# Any ice yet....



## PBH (Nov 7, 2007)

Anyone know if Fish Lake has any ice yet?

(just couln't help myself.....)

Here's a couple pics from a few days ago:


----------



## peacefish (Jan 22, 2008)

That is a beautiful fish


----------



## Fishrmn (Sep 14, 2007)

YOU, are a sick man. :lol: 
Both, for stirring the pot, and for teasing us with those pics.


----------



## bowhunt3r4l1f3 (Jan 12, 2011)

Where was this?


----------



## PBH (Nov 7, 2007)

peacefish said:


> That is a beautiful fish


Which one? The splake or the brook trout? (actually, both are pretty darn amazing!)



bowhunt3r4l1f3 said:


> Where was this?


almost 10,000 ft.


----------



## PBH (Nov 7, 2007)

Fishrmn said:


> YOU, are a sick man. :lol:
> Both, for stirring the pot, and for teasing us with those pics.


I had to verify whether or not my standard spinning reel could stand up to the test of ice fishing. I was nearly convinced that I needed to buy an "ice reel", "ice rod", and "ice line".

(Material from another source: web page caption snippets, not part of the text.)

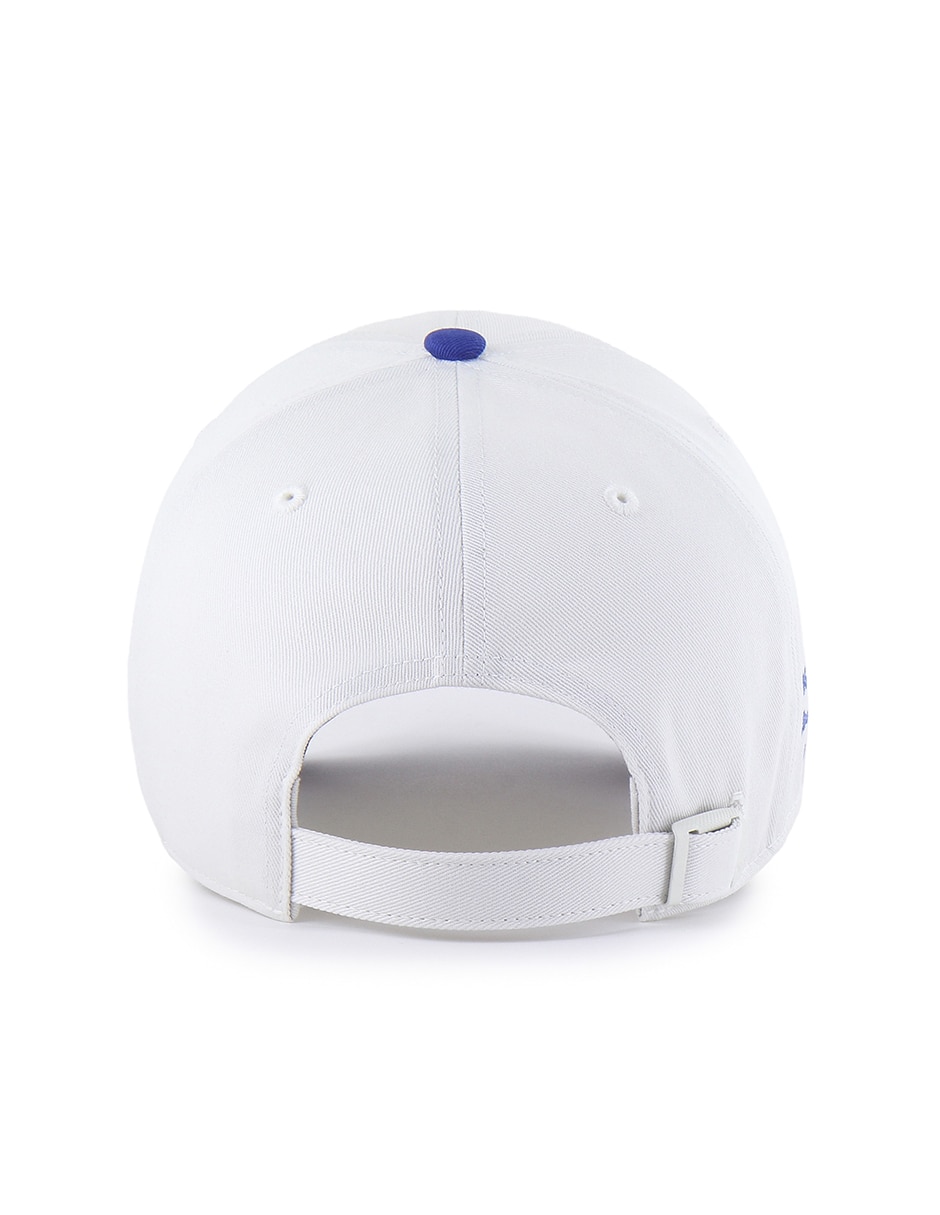 Gorra visera curva correa ajustable casual Contemporary Dodgers Los Angeles Dodgers para adulto 5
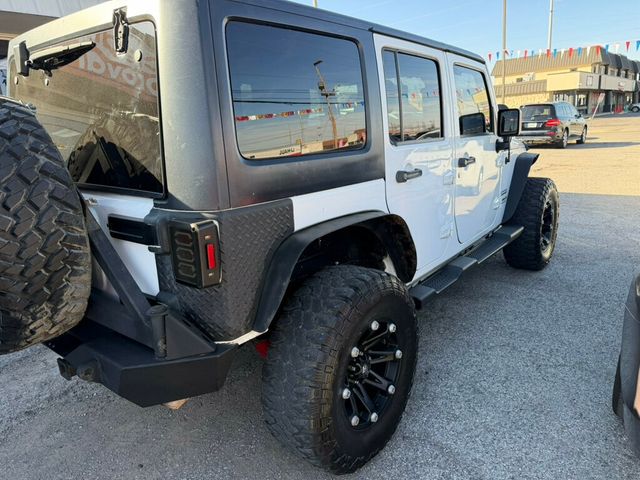 2015 Jeep Wrangler Unlimited 4WD 4dr Sport - 22989310 - 12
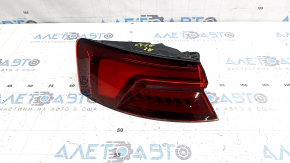 Outer wing light left Audi A5 F5 18-19
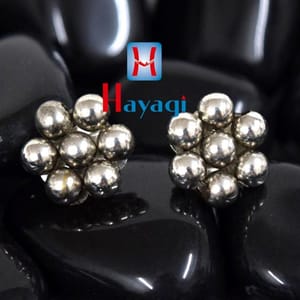 Silver Oxidised Kudi Tops Buy Online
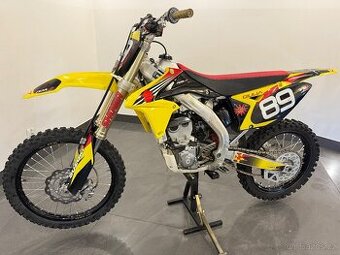 Suzuki rmz 250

As it turns out, I didn't need anything special. Just a rod, reel, and some line worked just fine.


----------



## Catherder (Aug 2, 2008)

Fishrmn said:


> YOU, are a sick man. :lol:
> Both, for stirring the pot, and for teasing us with those pics.


+1.

Nice fish. Looks like the "range down South" is treating you well.


----------



## LOAH (Sep 29, 2007)

Nice!


----------



## HighmtnFish (Jun 3, 2010)

I hope you weren't stirring around on the Boulder fishing a lake that is closed until the spring. (Kidding of course) those are some very nice fish.
How thick was the ice?


----------



## BrookTroutKid (Oct 10, 2007)

Those are awesome you and your brothers seems to catch them there on a regular basis...


----------



## PBH (Nov 7, 2007)

HighmtnFish said:


> How thick was the ice?


~1/3 of the lake was open water.
~1/3 had about 1/4" of ice.
~1/3 had about 3 1/2" of ice.


----------